30. Et il résulte des dispositions combinées de l'article 79, paragraphes 1 et 3 du règlement 6/2002, et de l'article 8, point 1), du règlement 1215/2012 dit « Bruxelles I bis », qu'une personne domiciliée sur le territoire d'un État membre peut aussi être attraite, s'il y a plusieurs défendeurs, devant la juridiction du domicile de l'un d'eux, à condition que les demandes soient liées entre elles par un rapport si étroit qu'il y a intérêt à les instruire et à les juger en même temps afin d'éviter des solutions qui pourraient être inconciliables si les causes étaient jugées séparément. Ce qui est le cas des demandes dirigées contre les deux sociétés Communisis, dont l'une a son siège en France.
31. Le tribunal des dessins ou modèles communautaires de France, à savoir le tribunal judiciaire de Paris, est donc compétent.
d. Conclusion
32. Ainsi, aucune clause attributive de compétence n'est démontrée ; même à supposer que fût le cas, elle serait contradictoire avec la clause incluse dans les conditions générales de vente, qui font partie ici du champ contractuel au même titre que les conditions générales d'achat, de sorte qu'en application de l'article 1119, alinéa 2 du code civil français, applicable par ce tribunal dès lors qu'un de ces contrats est de droit français, elle devrait être écartée ; en toute hypothèse, la présente action, qui est une action en contrefaçon, ne pouvait pas être formée devant des juridictions non européennes, et la convention régissant les clauses d'élection de for désignant un État étranger tel que le Royaume-Uni n'est pas applicable à la présente action. Et en vertu des règles de compétence exclusive des tribunaux des dessins ou modèles communautaire pour les actions telles que celle-ci, le tribunal judiciaire de Paris est compétent.
33. Enfin, il en va de même de la demande en rupture abusive des relations contractuelles, pour laquelle d'une part les sociétés Communisis ne contestent pas expressément la compétence du présent tribunal, ni, d'autre part, n'allèguent que le contrat dans lequel la clause attributive de juridiction serait insérée prévoirait les modalités de la fin des relations contractuelles. Ladite clause, à la supposer établie, ne concerne donc pas davantage cette demande.
34. Par conséquent, l'exception d'incompétence est écartée.
2) Sur la fin de non-recevoir tirée du défaut de qualité à agir, fondée sur le transfert du dessin ou modèle invoqué
35. L'article 19 du règlement 6/2002 ne donne qu'au titulaire du dessin ou modèle communautaire le droit exclusif de l'utiliser ou de l'interdire ; et l'article L. 521-2 du code de la propriété intellectuelle, également applicable aux dessins ou modèles communautaires, réserve l'action civile en contrefaçon au propriétaire du dessin ou modèle.

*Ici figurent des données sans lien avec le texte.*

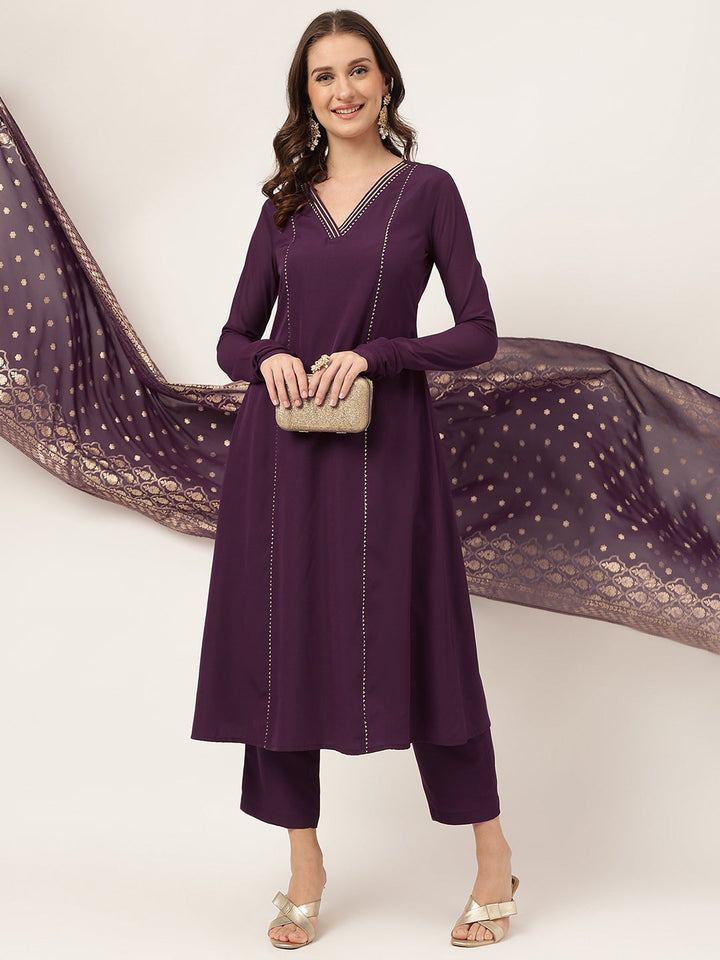 Purple-Poly-Crepe-Flared-3-Piece-Kurta-Set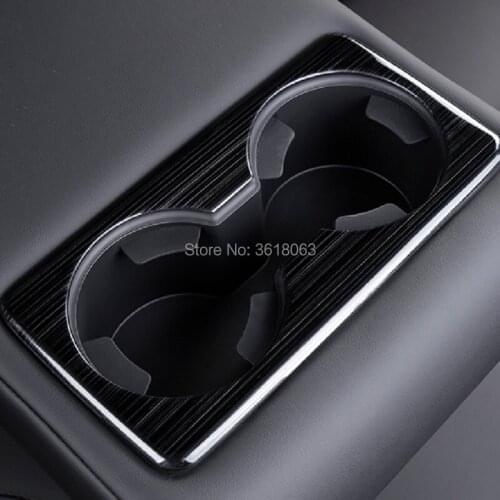 For Mazda 3 2019 2020 Stainless Steel Rear Row Water Cup Decorative Cover Seat Frame Molding Interior Car styling Accessories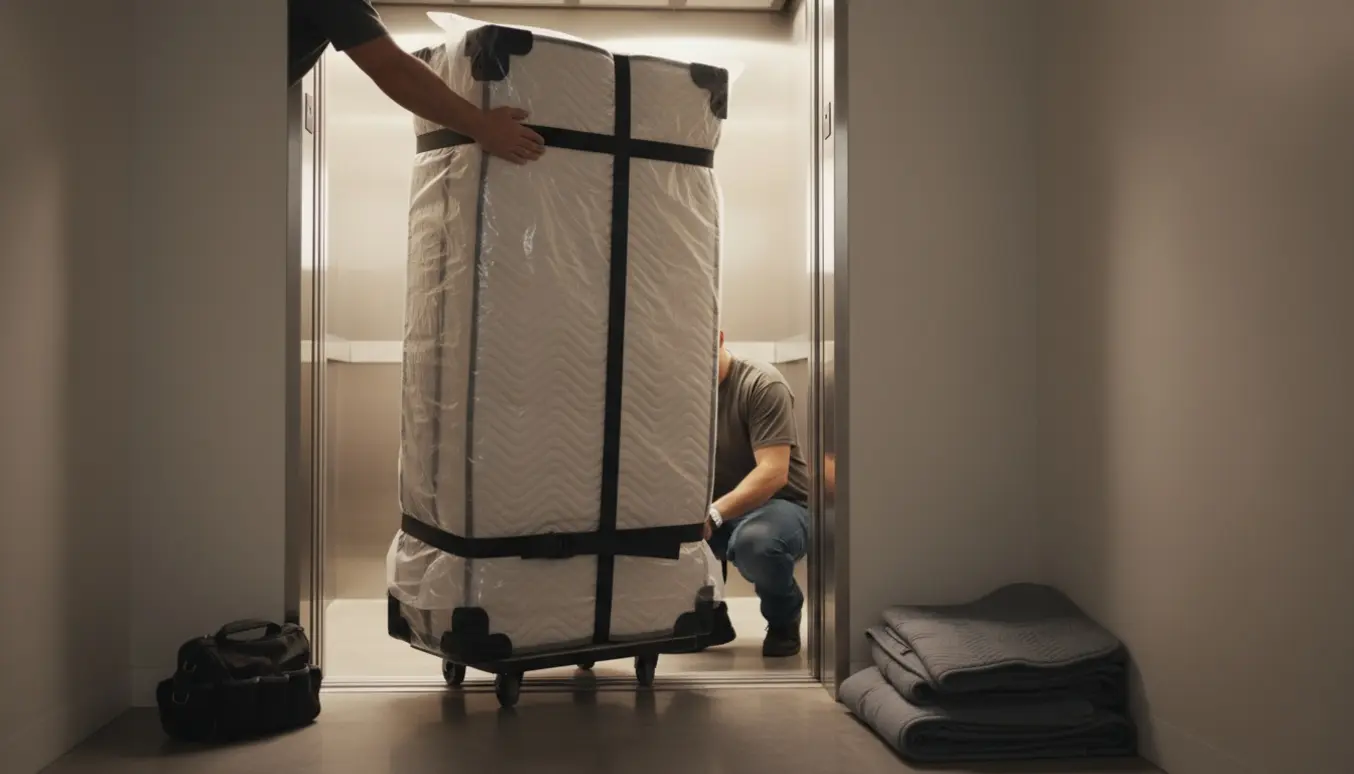 To personer fører en indpakket boxmadras ind i en elevator på vej til kælderen eller genbrugspladsen.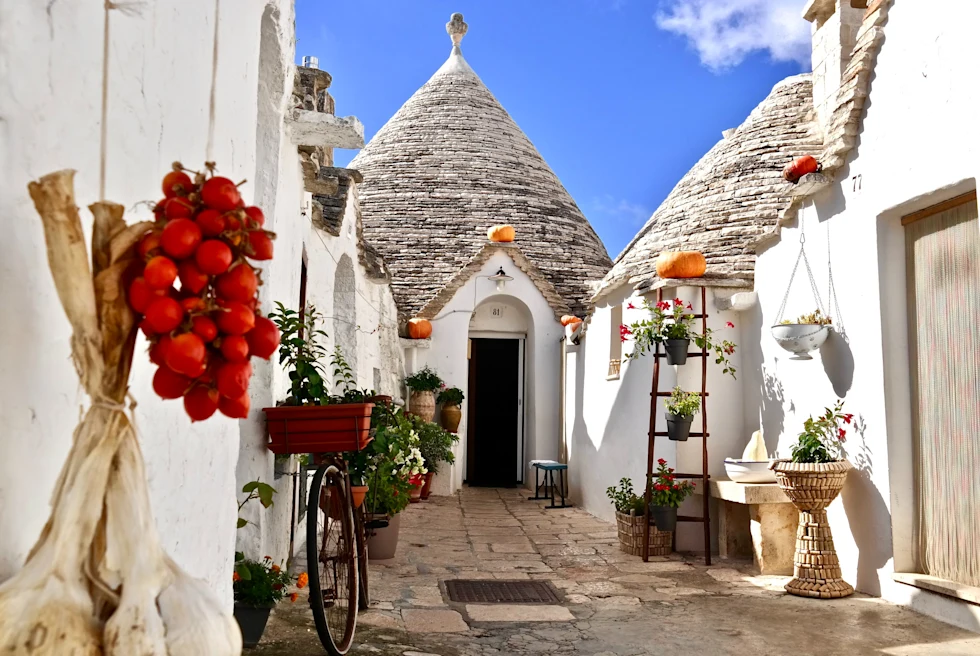 Truli white houses in Puglia, Italy.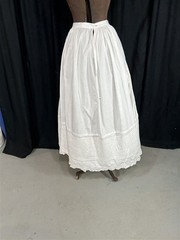antique petticoat long white Victorian waist 26 crisp cotton original 1800
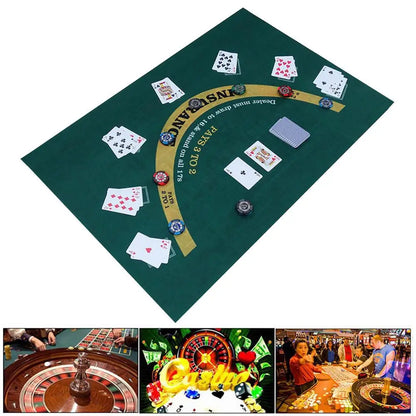 Double-Sided Tabletop Casino Felt Layout Mat – Professional Poker, Texas Hold'em & Blackjack for Roulette Games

36. L'article L. 1119 du code civil, déjà cité, prévoit que les conditions générales invoquées par une partie n'ont effet à l'égard de l'autre que si elles ont été portées à la connaissance de celle-ci et si elle les a acceptées ; et qu'en cas de discordance entre des conditions générales invoquées par l'une et l'autre des parties, les clauses incompatibles sont sans effet.
37. La société Communisis se prévaut d'une clause 12 de ses conditions générales d'achat qui prévoirait une cession automatique de « tous les droits de propriété intellectuelle découlant du contrat ».
38. Au cas présent, il résulte de l'absence de toute preuve du contenu des conditions générales d'achat invoquées, que l'existence d'une clause de cession de droit, au même titre que la clause d'élection de for, n'est pas démontrée.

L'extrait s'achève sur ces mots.